Reuters also reported that China is planning targeted tax cuts while increasing government spending, Finance Minister Liu Kun wrote Sunday in China’s Communist Party magazine Qiushi.
More stimulus from the central banks is likely to provide longer-term support for gold prices, but over the short-run, gold is likely to be underpinned the most by falling Treasury yields and lower demand for risky assets.
The drop in global equity markets in Asia and Europe is likely to keep a floor under gold prices on Tuesday. The buying could accelerate if U.S. markets continue to weaken during their trading session.
The blue chip Dow Jones Industrial Average is expected to open lower based on the early futures market trade. The market is being initially pressured by a plunge in shares of Apple. Another Dow component, Walmart, is also expected to be under some pressure after reporting earnings that fell short of Wall Street expectations.

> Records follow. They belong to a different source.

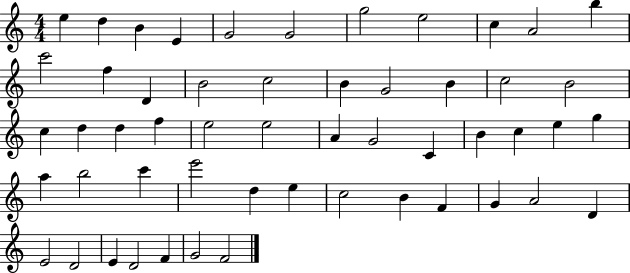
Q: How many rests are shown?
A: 0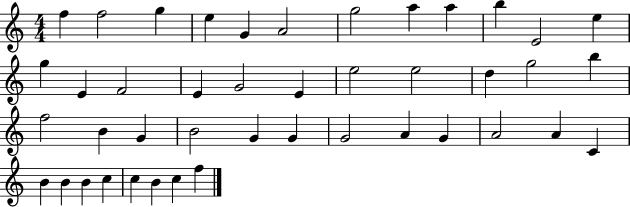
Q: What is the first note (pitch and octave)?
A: F5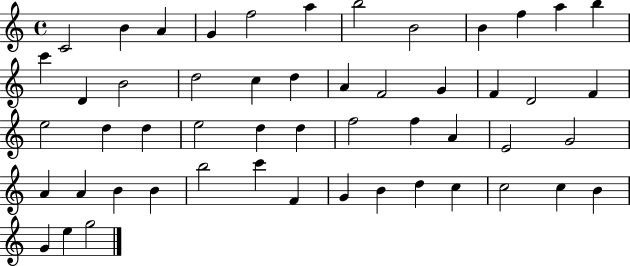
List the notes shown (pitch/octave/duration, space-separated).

C4/h B4/q A4/q G4/q F5/h A5/q B5/h B4/h B4/q F5/q A5/q B5/q C6/q D4/q B4/h D5/h C5/q D5/q A4/q F4/h G4/q F4/q D4/h F4/q E5/h D5/q D5/q E5/h D5/q D5/q F5/h F5/q A4/q E4/h G4/h A4/q A4/q B4/q B4/q B5/h C6/q F4/q G4/q B4/q D5/q C5/q C5/h C5/q B4/q G4/q E5/q G5/h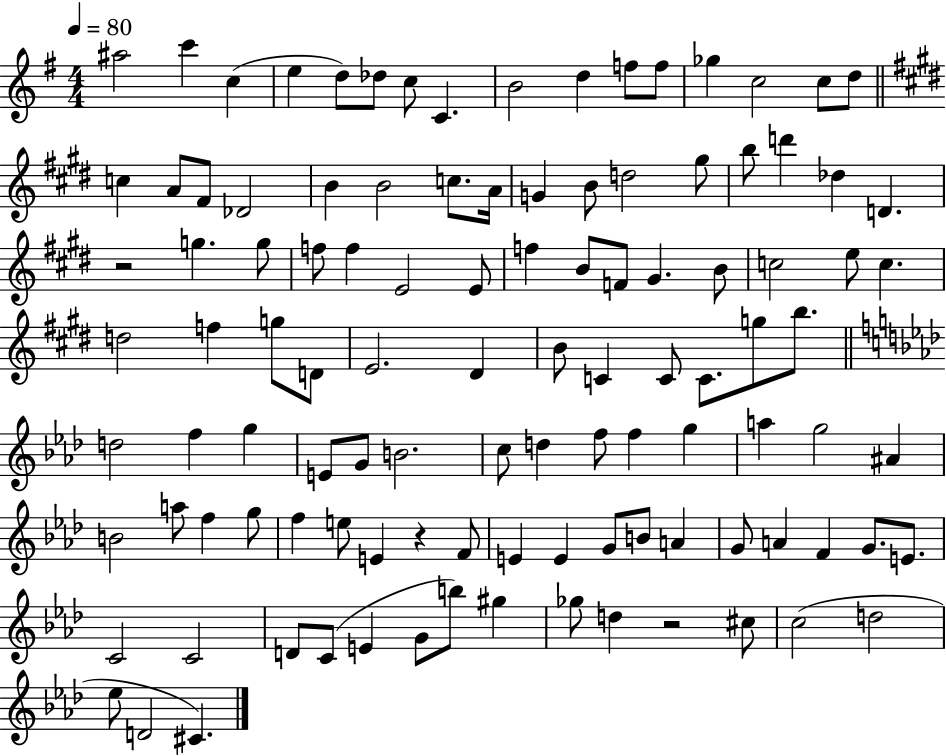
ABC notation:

X:1
T:Untitled
M:4/4
L:1/4
K:G
^a2 c' c e d/2 _d/2 c/2 C B2 d f/2 f/2 _g c2 c/2 d/2 c A/2 ^F/2 _D2 B B2 c/2 A/4 G B/2 d2 ^g/2 b/2 d' _d D z2 g g/2 f/2 f E2 E/2 f B/2 F/2 ^G B/2 c2 e/2 c d2 f g/2 D/2 E2 ^D B/2 C C/2 C/2 g/2 b/2 d2 f g E/2 G/2 B2 c/2 d f/2 f g a g2 ^A B2 a/2 f g/2 f e/2 E z F/2 E E G/2 B/2 A G/2 A F G/2 E/2 C2 C2 D/2 C/2 E G/2 b/2 ^g _g/2 d z2 ^c/2 c2 d2 _e/2 D2 ^C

April Comex gold will be primarily guided by the direction of U.S. Treasury yields since they have a direct impact on the value of the U.S. Dollar.
The benchmark 10-year Treasury note yield fell to 1.5457%, while the yield on the 30-year Treasury bond was also lower at around 1.9944%.
The 3-month Treasury yield remains inverted against the 1-year, 2-year, 5-year and 10-year Treasury yields. These are early indications that investors are preparing for a recession.
On the data front, Dollar/Yen investors are likely to be influenced by Empire State manufacturing figures for February and the National Association of Home Builders (NAHB) survey for February.